Sunday, October 24, 2004


The Wallflower 1: Yamatonadeshiko Shichihenge
by TOMOKO HAYAKAWA
$10.95, Del Rey, 224 pages (October 12, 2004)



This comedic series follows 4 teenage boys, who are the cutest, most popular guys in school. When they get a chance to live in an incredible mansion for free they are ecstatic. The only one condition being that they must turn the owner's niece into a proper lady.

How much of a problem could that be for the four coolest guys on the planet? Well they've never met a girl like Sunako Nakahara before. After an experience as a young girl, where a boy she liked called her ugly. She's given up on beauty, feminity and the outside world in general. She likes horror movies, has pimples, frizzy-hair, no fashion sense, and has huge nosebleeds whenever she gets excited.

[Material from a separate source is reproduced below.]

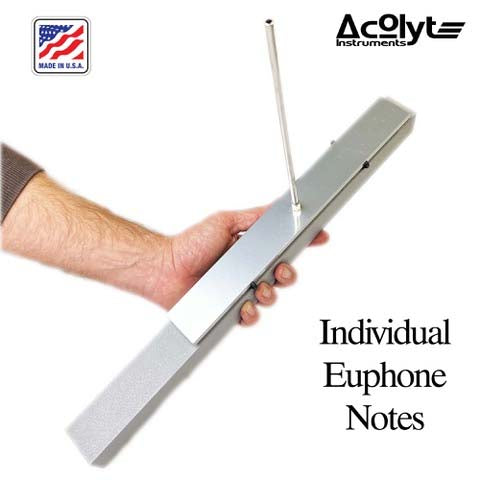 Individual Euphone™ Notes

As the boys try to bring her out of her shell, as a reader I found myself attracted to her stubborn independence. While the reasons she's withdrawn into herself are a bit tragic, I got a sense that she likes who she is and what she does.

So seeing the boys efforts to change who she is can be an interesting parallel to how people always try to get others to join in what they like. Not really taking into account the virtues of individuality and letting others like what they want.

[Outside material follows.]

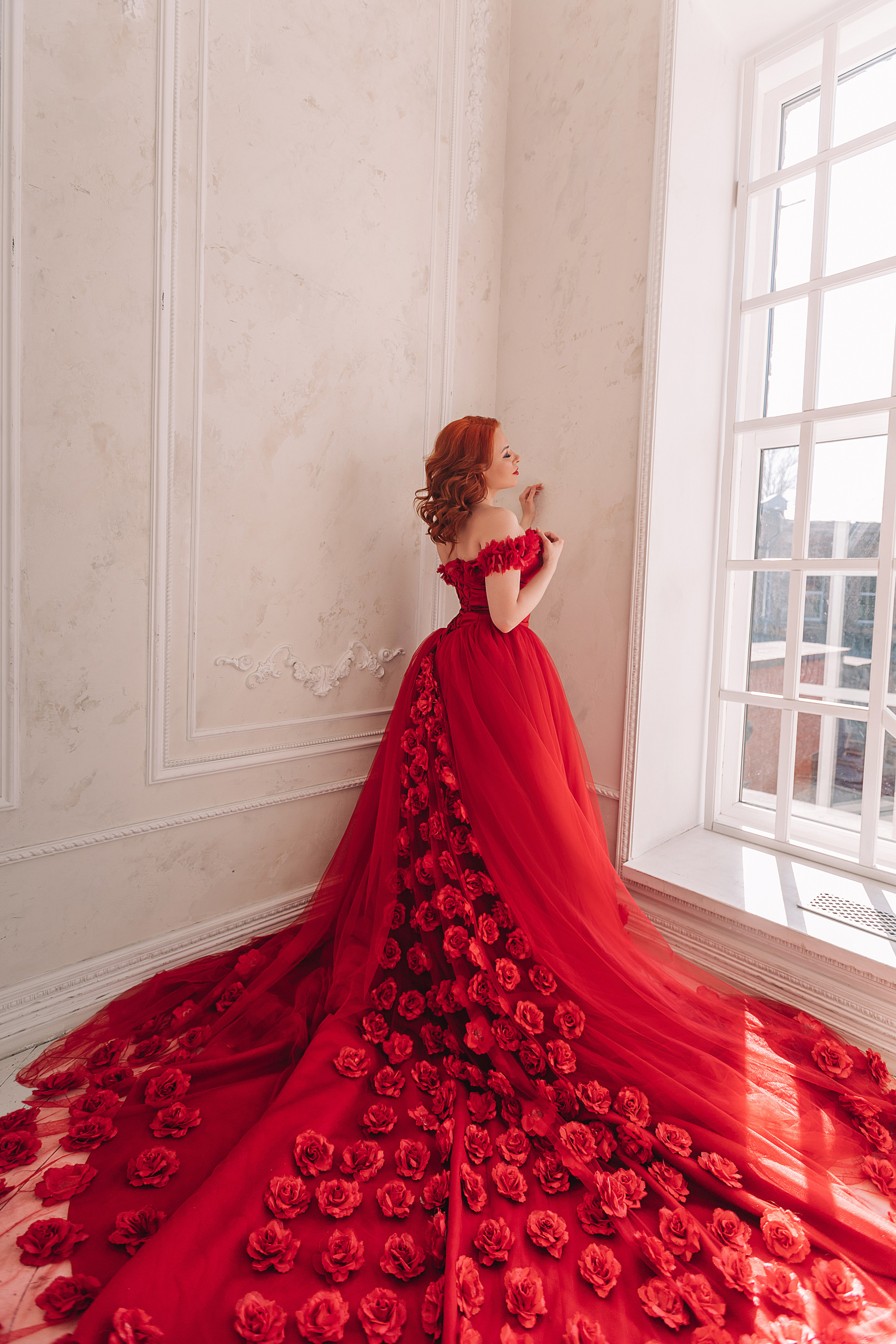 Fantasy (stylized session). Photographer in Buenos Aires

This is a title fraught with inconsistency and repetition though. The jokes as the boys try and fail over and over to get Sunako to change aren't really different enough to not get old as you read more. There is also the feeling that what Sunako wants to do isn't right, even though she seems perfectly happy doing it.

Which sort of sends and odd message I thought. Yes she probably does need to get out a little more, but showing her interests and entire behavior as wrong seems to go across the line a bit. Though near the end that starts to perhaps change, when she kicks the ass of people who do one of her friends wrong.

This title could be interesting as it progresses and gets past the world building phase. Yet it needs to do so fast, or I can't see readers sticking around long for the same joke over and over. Unless they are going for the traditional superhero comic audience who does seem to want the same gross thing over and over again.